Matt Martin - Matt is a former Army Sergeant and infantry team leader. He was wounded twice in Afghanistan, receiving two Purple Heart medals as well as the Army Commendation Medal.
GUNS OR GUIDANCE COUNSELORS?
In 1847, the nation's first school shooting occurred at the University of Virginia. The Charlottesville Republican confirmed the details: John Davis, a beloved professor, "was shot by an unknown hand, with a pistol, in front of his dwelling" and "the ball was received just below the navel." Davis died. A manhunt ensued for his killer who, it was ultimately determined, had taken his own life.
Today’s headlines and statistics are overwhelming. CNN reports that there have been 288 school shootings in the last decade alone. Columbine, Sandy Hook, and Parkland are etched in our memories forever. Respected studies confirm that 9 in 10 schools now conduct active shooter or armed intruder drills and that 87 bills were passed nationwide to address school safety this past year alone.

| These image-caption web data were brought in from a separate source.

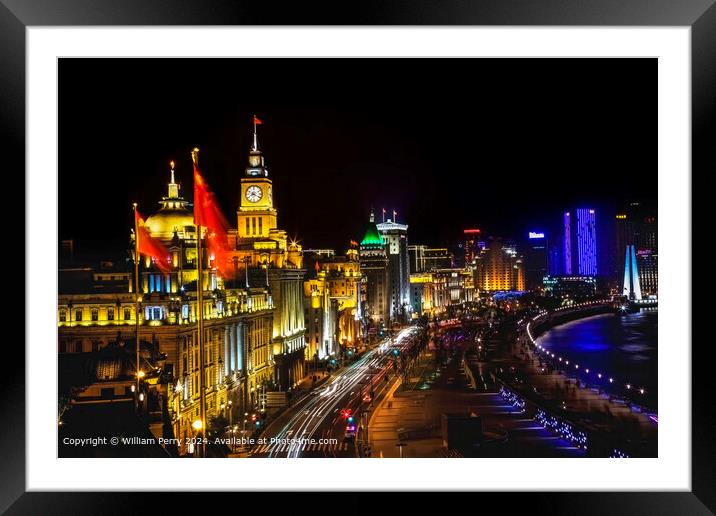 Night Lights Bund Shanghai Framed Mounted Print by William Perry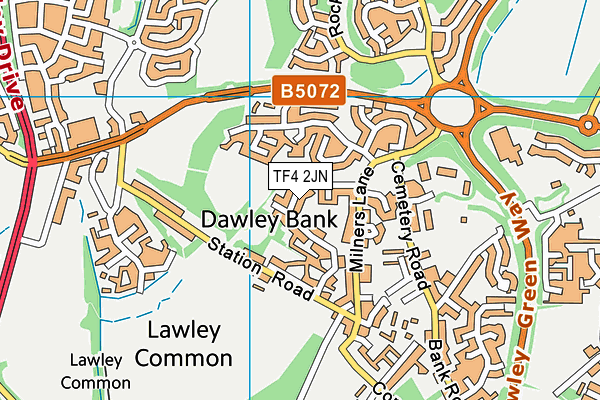 TF4 2JN map - OS VectorMap District (Ordnance Survey)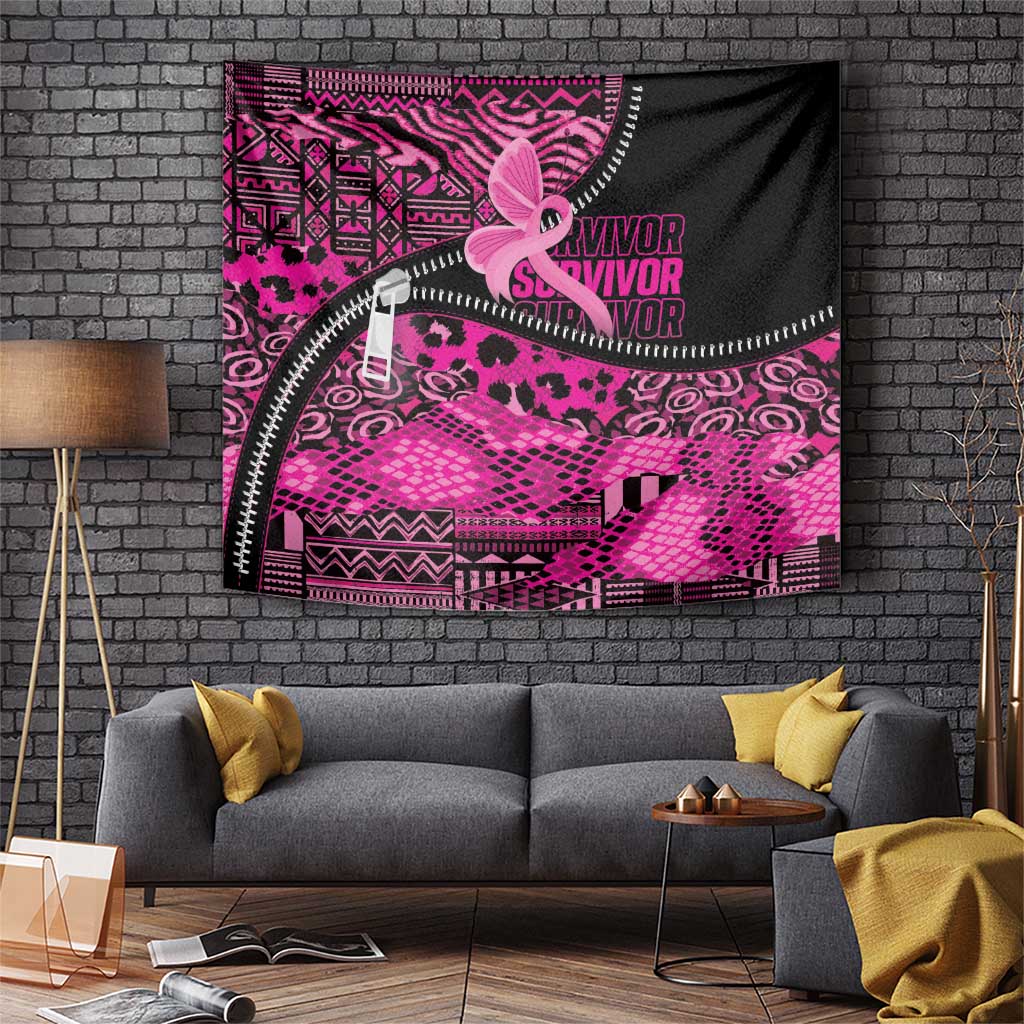 Pink Ribbon Animals Skin African Mixed Tapestry Zipper Stylized - Wonder Print Shop
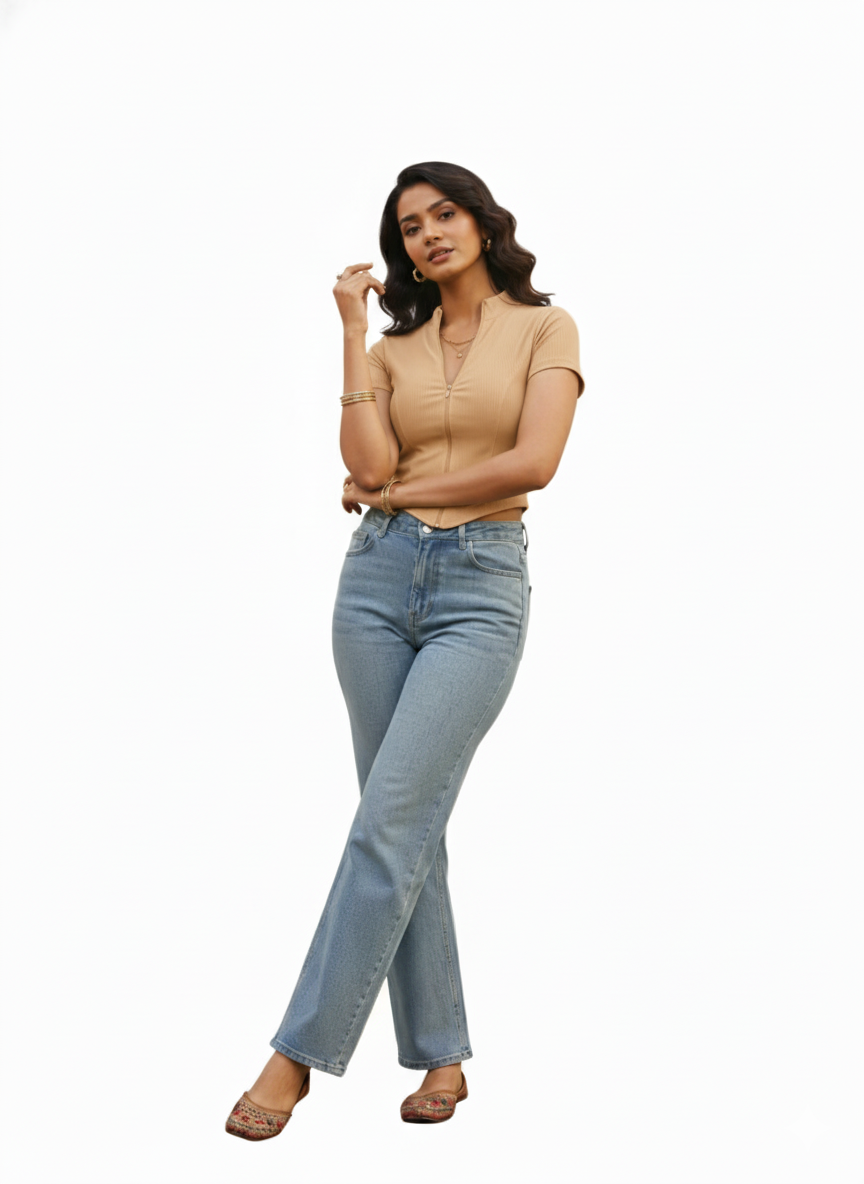 ZIP COORSET WOMEN SOLID TOP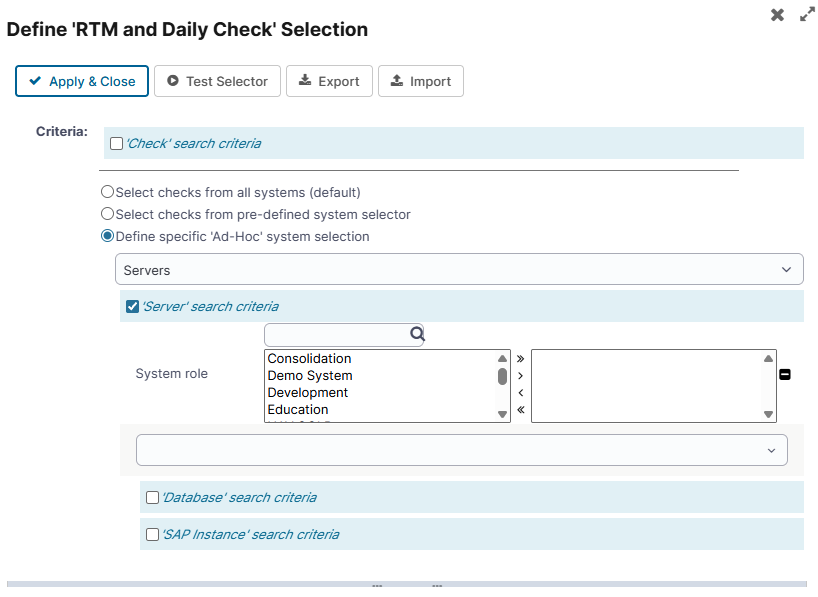 An example of how to create an ad-hoc check selector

The percentage of schools with a security guard, resource officer, or other sworn law enforcement officer on campus at least once a week has exploded to nearly 60 percent.
Our schools have become ground zero for law enforcement interdiction and paramilitary training. Take, for example, Florida’s Manatee School for the Arts, which has hired two combat veterans to serve as “guardians” for the school, each equipped with a Kel-Tec semi-automatic rifle and a Glock handgun. Few developments, planned or not, have had a greater impact on education than our response to potential armed intruders. Yes, we are taking this issue seriously; but are we addressing safety (managing unintentional risks) and security (preparing for intentional threats) comprehensively? I am convinced that we are not.
The Office of Homeland Security advises that all schools need in-house safety committees. But are we leveraging our greatest strengths - presence and community - to that end? The tendency to date is to work primarily in isolation or connected through security companies that may struggle to understand school life. Yet, there is so much we can learn from each other, ranging from best training practices to how to develop effective mediums to talk directly with students about safety and security. There are many wonderful experts and well-meaning folks out there who place entirely too much emphasis on armed response and not enough on the social and emotional health of our students and teachers. I recently attended a workshop where the facilitator counted how many people he could kill, by running through the auditorium, using his hand as a mock weapon. Aren’t we better served focusing on positive, pre-emptive training rather than advancing hysteria?
It’s time to connect and collaborate as educators. According to a joint report from the Department of Education and the Secret Service, almost 100 percent of active shooters experienced or perceived a major loss before their attack; 78 percent had a history of suicide attempts or suicidal thoughts and 71 percent felt persecuted, bullied, threatened, attacked, or injured by others. The answer seems clear. We need more guidance counselors.